Kimball Star Schemas in Data Warehousing: Part 2

Fact Tables Defined through Business Process Understanding

7 min readJul 21, 2024

In this second part of my mini-series covering Kimball modelling, the aim is to provide a guide on how data engineering teams can effectively collaborate with business stakeholders to deliver insights through the creation of fact tables in the data warehouse. Drawing from previous experience leading data teams, this guide explores best practices and methodologies required to ensure a seamless process.

If you missed the first part on dimensions, you can find it below:

Kimball Star Schemas in Data Warehousing: Part 1

Dimension Tables and Business Domains

medium.com

Understanding the Importance of Fact Tables

Fact tables are the glue that holds your data warehouse presentation layer together. They store quantitative data for analysis and are typically designed to follow a defined business process, making them essential for business intelligence and reporting. A well-designed fact table allows businesses to perform complex queries and generate insightful reports with minimal effort. Thus, the process of mapping out business processes to form these tables is crucial.

Types of Fact Tables

Before looking at the process of creating fact tables, it’s important to understand the different types of fact tables and their use cases:

Transactional Fact Tables: These are the most common type, capturing each transaction or event at the atomic level. They provide the most granular view of a business process, such as individual sales transactions.
Periodic Snapshot Fact Tables: These tables take a snapshot of a business process at defined intervals (e.g., daily, monthly). They’re useful for analysing the state of a process over time, such as monthly inventory levels.
Accumulating Snapshot Fact Tables: Used for well-defined processes with a standard number of steps, these tables track the lifecycle of a process. The grain is at the item level (e.g., an order), and columns identify key milestone dates. In the example of an accumulating snapshot fact table based around order steps, you would expect the number of records in this fact table to be equal to the number of orders in the business, which should be equal to the number of orders in the associated dimension table.
Factless Fact Tables: These tables don’t contain numerical facts but record the occurrence of events, often used to track many-to-many relationships between dimensions. These tables can also be used to track the duration of relationships, with effective to and from dates.

The Process of Building a Fact Table

Let’s walk through the steps of building a fact table, as illustrated in the following diagram:

Engaging with Business Stakeholders

The first step in mapping out business processes is to engage with the relevant business stakeholders. Don’t be fooled into thinking that you can see a transaction table in a source system and you can simply leverage that as a fact table. Business stakeholders have a deep understanding of the business operations and the key performance indicators (KPIs) that drive the organisation. They will be aware of any business rules that might be applied, or any additional levels of detail that might not immediately be apparent.
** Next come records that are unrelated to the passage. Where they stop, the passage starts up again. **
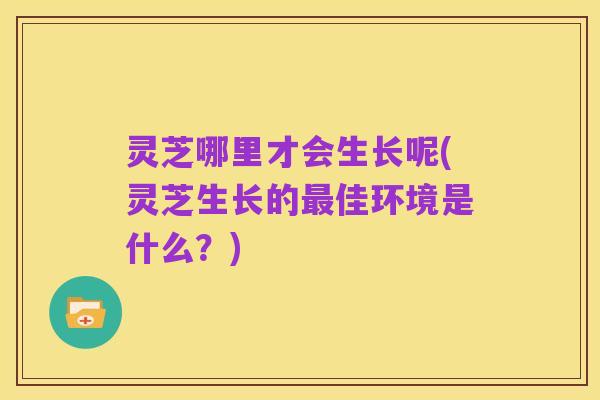 灵芝哪里才会生长呢(灵芝生长的最佳环境是什么?)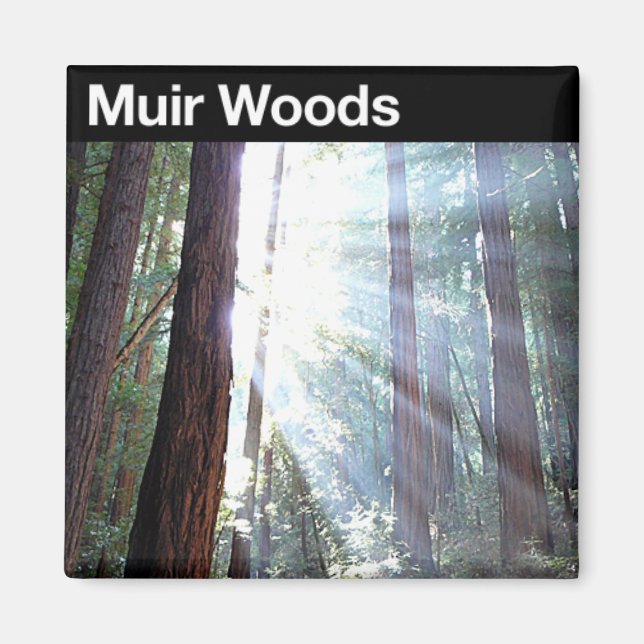 Muir Woods National Monument Magnet (Vorne)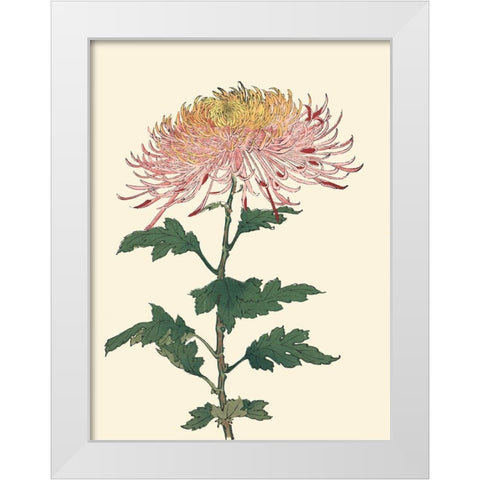 Chrysanthemum Woodblock II White Modern Wood Framed Art Print by Unknown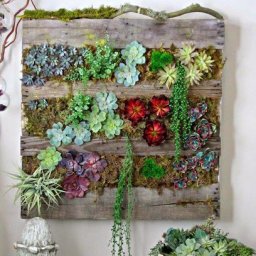 Панно из суккулентов
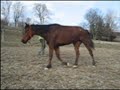 9,3,2008Hry tam nejsou celé, ale jen střihy. A všiměte si nové metody překonávání cvalového dvojskoku :-)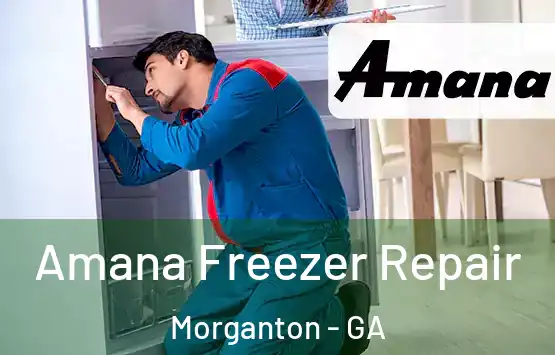  Amana Freezer Repair Morganton - GA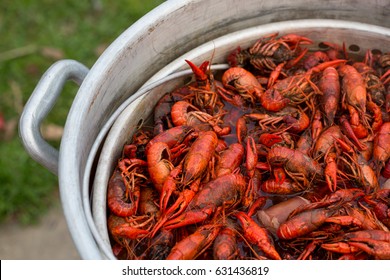 Live Crawfish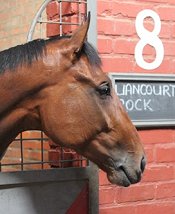 Liancourt Rock<br>Photo by Liesl King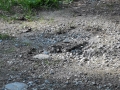 k-IMG_20200826_171501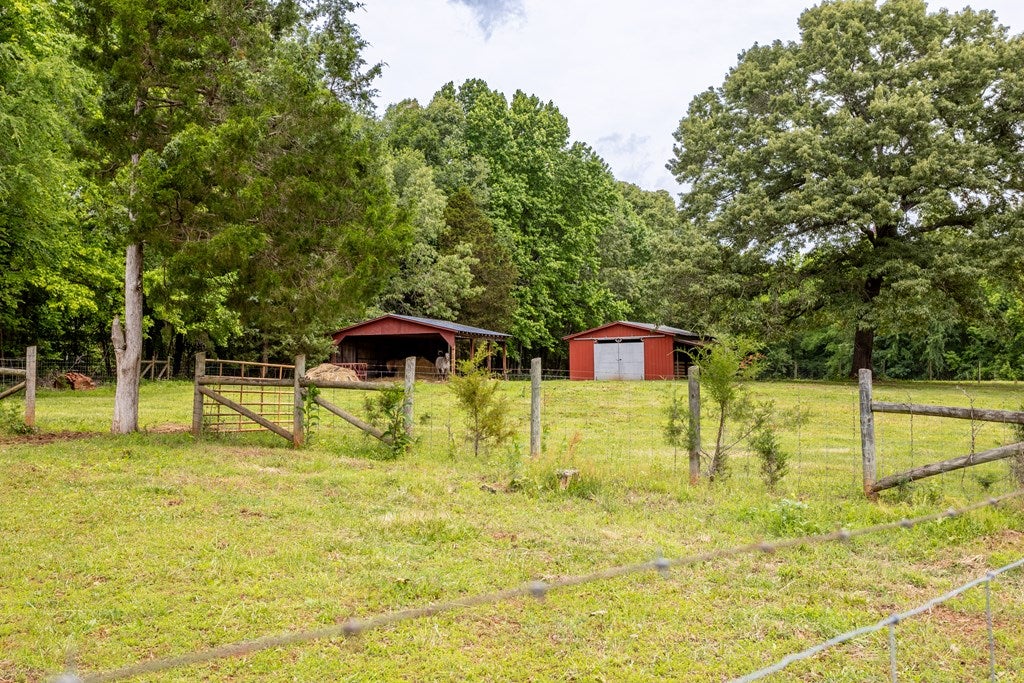 11393 Skipwith Road Chase City, VA 23924 - Photo 31 of 54 Gallery Image 31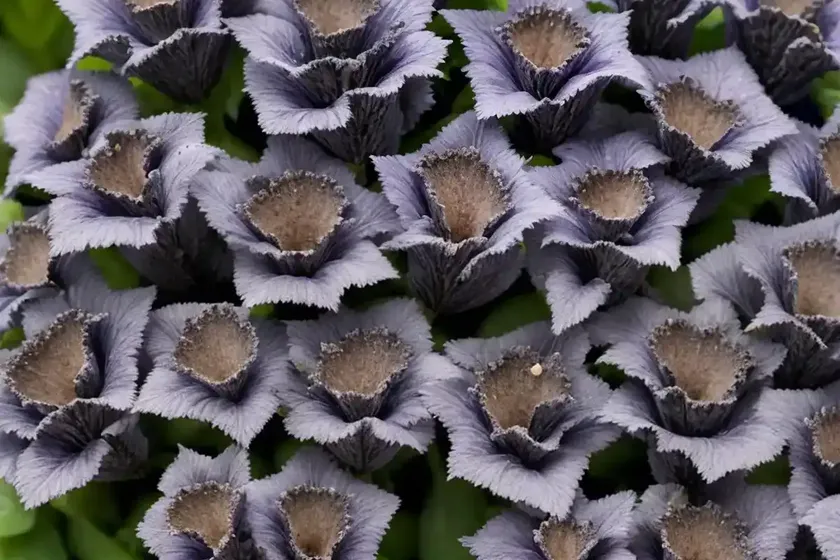 Ajuga reptans ‘black scallop’ (carpet bugle) — photo 3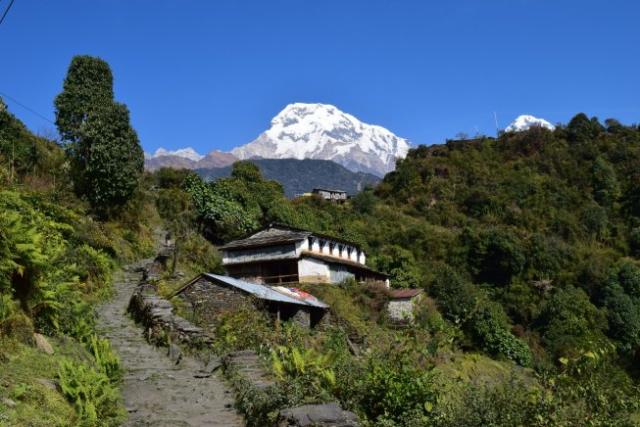 Annapurna trek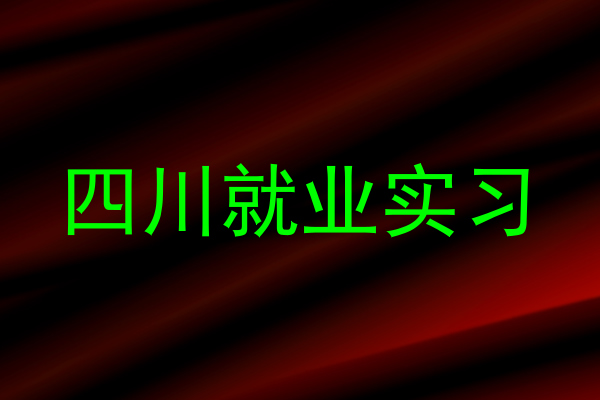 四川就业实习
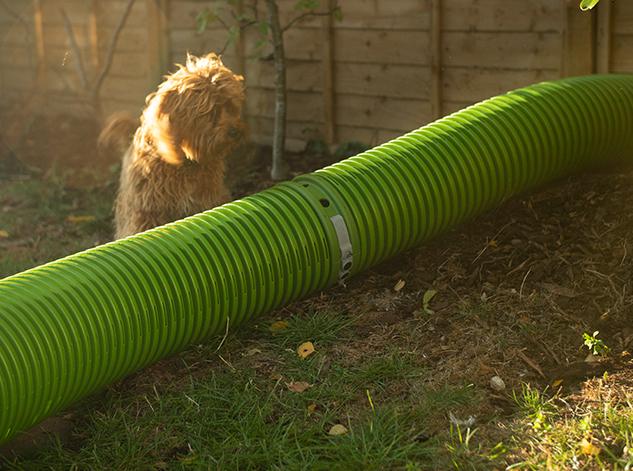 Dog in a garden next to a safe guinea pig burrow pipe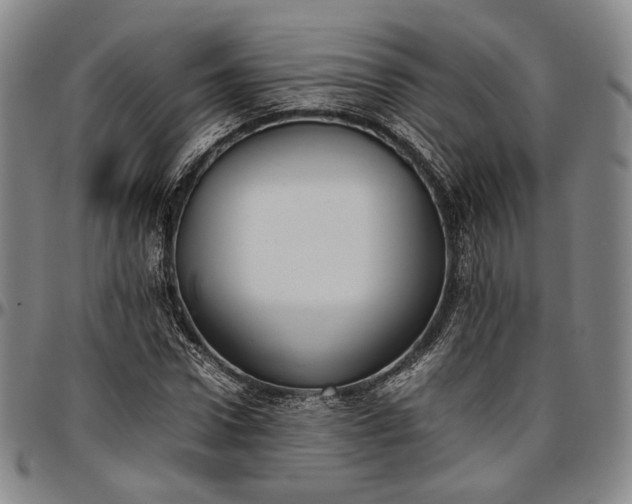 X0000096650922200802191239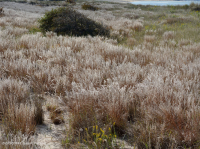 Xeric Backdune 草原 – CEGL 004240 Xeric Backdune 草原 – CEGL 004240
Identify Key Stakeholders: Determine who the key stakeholders are. This could include department heads, business analysts, and other influential personnel.
Conduct Interviews: Organise interviews or workshops to gather detailed information about the business processes. The goal is to understand the workflows, data requirements, and available sources of information.
Define Objectives: Clearly define the objectives of the project. What are the key questions the business wants to answer, and how will this work be leveraged to drive revenue, reduce cost, or improve culture? What KPIs are critical for success? While a fact table shouldn’t be built to cater to a specific report, it is critical to understand the KPIs that can be tracked along a business process, in order to bring visibility to opportunities for business improvement.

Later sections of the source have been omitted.